Por otro lado, uno de los temas más relevantes de la jornada fue la salud mental de los residentes de Medicina Interna, un aspecto que ha cobrado cada vez más importancia en los últimos años. La especialidad exige una alta carga laboral y emocional, lo que, unido a la vocación y al ritmo acelerado del conocimiento científico, puede generar estrés, agotamiento profesional e incluso problemas más graves, como la depresión o las adicciones.

Durante la reunión, los expertos coincidieron en la necesidad de fomentar una cultura de bienestar emocional, en la que se normalice la conversación sobre la salud mental dentro del ámbito médico. Se destacó la importancia de la detección precoz de posibles problemas, tanto por parte de los residentes como de sus tutores, para poder intervenir de manera temprana y garantizar el acceso a apoyo profesional cuando sea necesario. Este proceso debe realizarse con total respeto y confidencialidad, eliminando cualquier estigma asociado a la salud mental en la profesión médica. En este contexto, el papel del tutor es fundamental. No solo como formador en aspectos clínicos, sino también como guía en el desarrollo personal del residente, ayudándole a gestionar el estrés y a encontrar un equilibrio entre la exigencia profesional y el autocuidado.

Relación tutor-residente

Otro de los aspectos centrales del encuentro fue la evaluación del residente y la importancia del feedback en la entrevista tutor-residente. El proceso de evaluación debe ir más allá de una simple revisión de competencias técnicas y enfocarse en proporcionar retroalimentación clara, específica y constructiva. Para ello, es fundamental que el tutor tenga habilidades de comunicación que le permitan guiar al residente en su desarrollo profesional sin generar desmotivación o ansiedad.
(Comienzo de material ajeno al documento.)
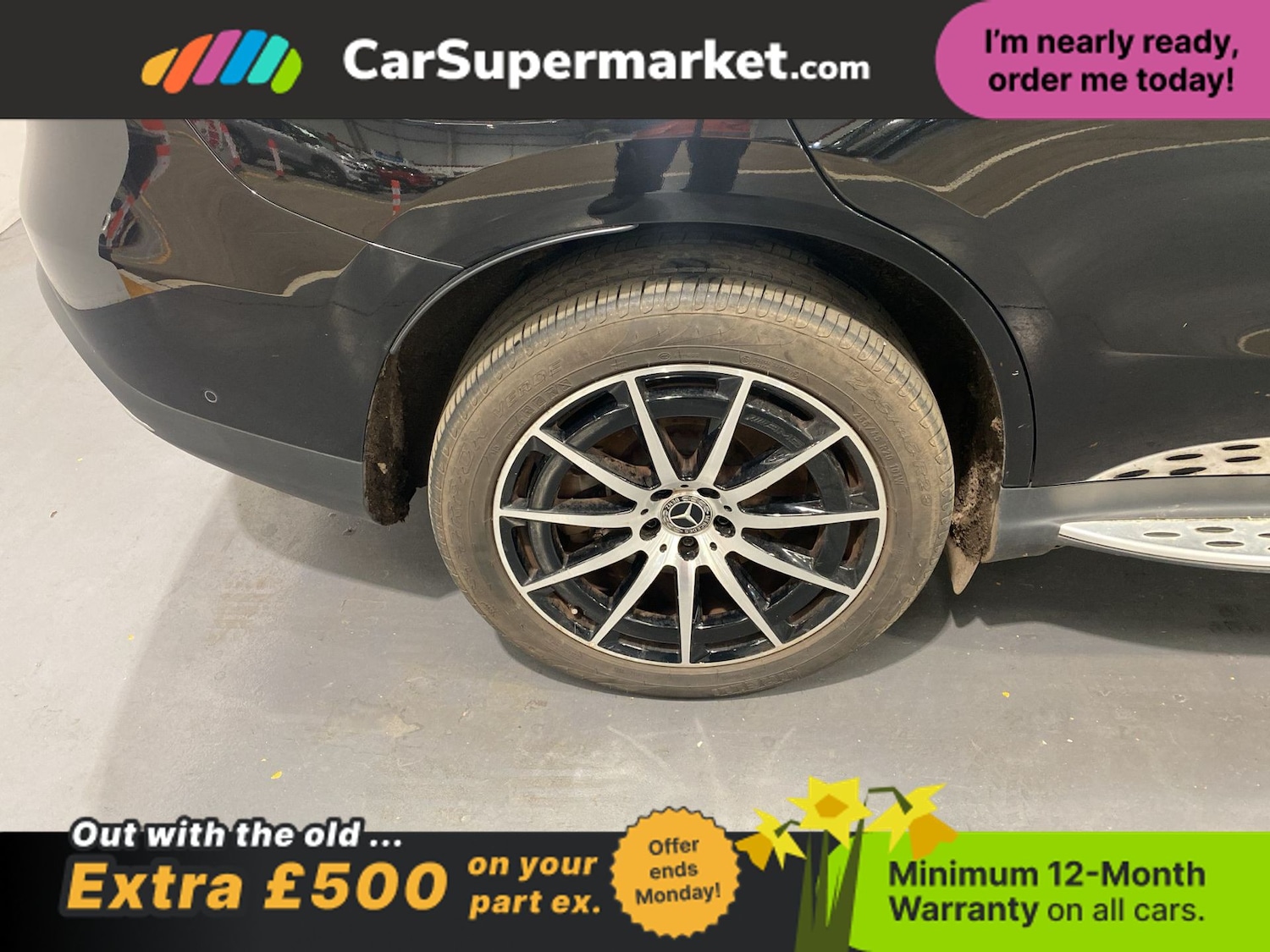 Used Mercedes-Benz EQC 2022 for sale - 77968213: Photo 3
Se discutieron también diversas estrategias para mejorar la gestión de conflictos entre tutores y residentes. La relación entre ambos debe basarse en la confianza y la comunicación efectiva, evitando que los problemas personales o profesionales afecten el proceso de aprendizaje. La empatía y la capacidad de resolver diferencias de manera objetiva son competencias esenciales en la labor del tutor.

El rol del tutor

Asimismo, a lo largo de la reunión se hizo hincapié en la relevancia del tutor de residentes de Medicina Interna, una figura que, pese a su importancia en la formación médica, suele recibir escaso reconocimiento y contar con recursos limitados para su desarrollo. Ortiz señaló que muchos tutores carecen de formación específica en docencia, lo que dificulta su labor y limita su capacidad de impacto en el aprendizaje de los residentes.
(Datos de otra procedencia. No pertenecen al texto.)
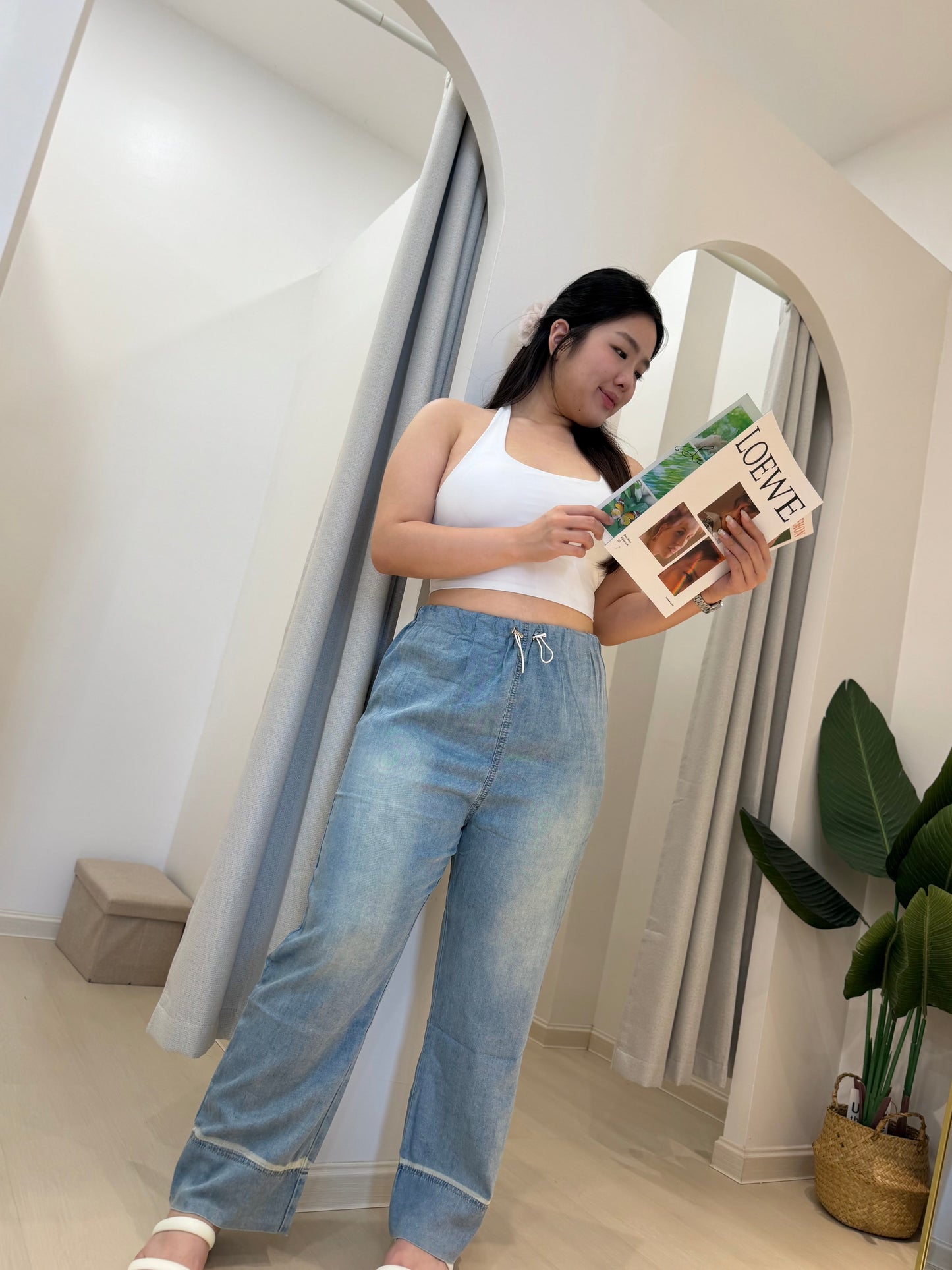 Dorothy Soft Denim Jeans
Gemma Ortiz, coordinadora del Grupo de Formación de la SEMI

Además, para mejorar esta situación, es fundamental generar espacios en los que los tutores puedan compartir experiencias y estrategias pedagógicas. Además, se destacó la necesidad de dotarlos de herramientas técnicas y emocionales que faciliten su trabajo, así como de reforzar su papel dentro de la estructura formativa de la especialidad.

El internista

No obstante, la Medicina Interna se caracteriza por un enfoque holístico del paciente, lo que convierte a los internistas en referentes esenciales para los residentes. Su labor como mentores y guías es clave para garantizar que los médicos en formación adquieran las competencias necesarias para ejercer su profesión con excelencia y un enfoque humanista.

De hecho, la SEMI continúa trabajando en el fortalecimiento de la formación de los residentes, promoviendo un modelo educativo basado en el apoyo continuo, la evaluación efectiva y el bienestar emocional. La XV Reunión de Tutores ha sido un paso más en este camino, consolidando un espacio de aprendizaje e intercambio de experiencias que permitirá mejorar la enseñanza de la Medicina Interna en España.